Divya who hails from a tiny village of Chamoli, Uttarakhand has become the headlines of several tabloids and top notch websites who have written full-fledged articles praising Divya’s work in mushroom farming. But do you know behind all this name and fame there is an unheard story that nobody talks about? Divya has become a role model for all the youngsters who want to do something for the state and develop opportunities for its people. But her journey so far hasn’t been easy as she lost her father at the young age of 7. Having seen many ups and downs in her life, Divya not only completed her graduation from a prestigious college but was able to grab some handsome job offers from highly revered MNC’s, but her love for the locals and the penchant for the hills persuaded her to leave the lucrative job and move to Delhi for pursuing Masters in Social Work. By the time she received her post-graduation degree, she had dreams of soaring high and giving wings to the dreams of other people. Divya’s aim was to indulge in farming and being an advocate for Women Empowerment she wanted to uplift the women of the entire region. With little or no cash in hand, she came to Dehradun for learning about Mushroom business and finally started mushroom farming.
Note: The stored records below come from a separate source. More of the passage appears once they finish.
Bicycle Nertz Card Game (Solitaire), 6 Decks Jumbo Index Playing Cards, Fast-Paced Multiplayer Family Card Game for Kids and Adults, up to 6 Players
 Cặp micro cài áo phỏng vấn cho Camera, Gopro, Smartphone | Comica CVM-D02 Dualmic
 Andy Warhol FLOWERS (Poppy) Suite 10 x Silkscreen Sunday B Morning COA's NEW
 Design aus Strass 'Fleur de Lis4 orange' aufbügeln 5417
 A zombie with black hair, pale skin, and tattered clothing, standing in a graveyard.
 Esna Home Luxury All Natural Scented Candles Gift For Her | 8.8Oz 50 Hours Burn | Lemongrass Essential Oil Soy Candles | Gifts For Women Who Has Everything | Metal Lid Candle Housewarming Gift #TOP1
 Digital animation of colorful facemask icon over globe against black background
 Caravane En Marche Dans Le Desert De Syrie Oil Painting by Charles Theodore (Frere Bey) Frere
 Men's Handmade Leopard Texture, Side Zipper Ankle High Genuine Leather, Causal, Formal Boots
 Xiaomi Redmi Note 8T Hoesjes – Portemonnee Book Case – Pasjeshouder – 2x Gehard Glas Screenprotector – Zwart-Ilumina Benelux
Having no family or friend support Divya went on a solo journey to flourish Mushroom farming in the state. Since nobody believed in her vision, she was constantly advised to return back to the corporate world as she may get nothing out of it. Initially, she started the business with a small investment of a few lakh rupees. Shaking the dirt off her shoulders, Divya followed her vision and prove everybody wrong as she not only tasted success but was able to give employment to many needy families. Now she proudly boasts about her quality mushrooms that she grows at Motherawala (Dehradun) and Chamoli. In an interview, Divya said, “Our output is 80 kg to 90 kg of button mushrooms per day and we want to explore newer varieties. Over the last one year, we have started cultivating milky mushroom (paalkoon), which grows the year round, and oyster mushroom (chippi koon), which is a seasonal crop and has many takers. These varieties are known for their delectable taste”. She further added, “In the aftermath of the 2013 disaster, I found several houses had been abandoned. I decided to use them to cultivate mushrooms”.
Being a cash crop, mushrooms are sold at higher prices than other crops. It can be grown in the terrains and have great demand in India as well as abroad. They are used in several expensive dishes and can be grown throughout the year in any type of weather. Mushrooms do not need much care and can be cultivated indoors in a relatively smaller area. In India, growing mushroom is super easy still, there are fewer farmers who grow such crops which means there is a huge demand and supply gap. Since mushroom farming does not require huge capital, one can start cultivating mushrooms in less than Rs 100, which will not be harsh on the pockets of the poor farmers.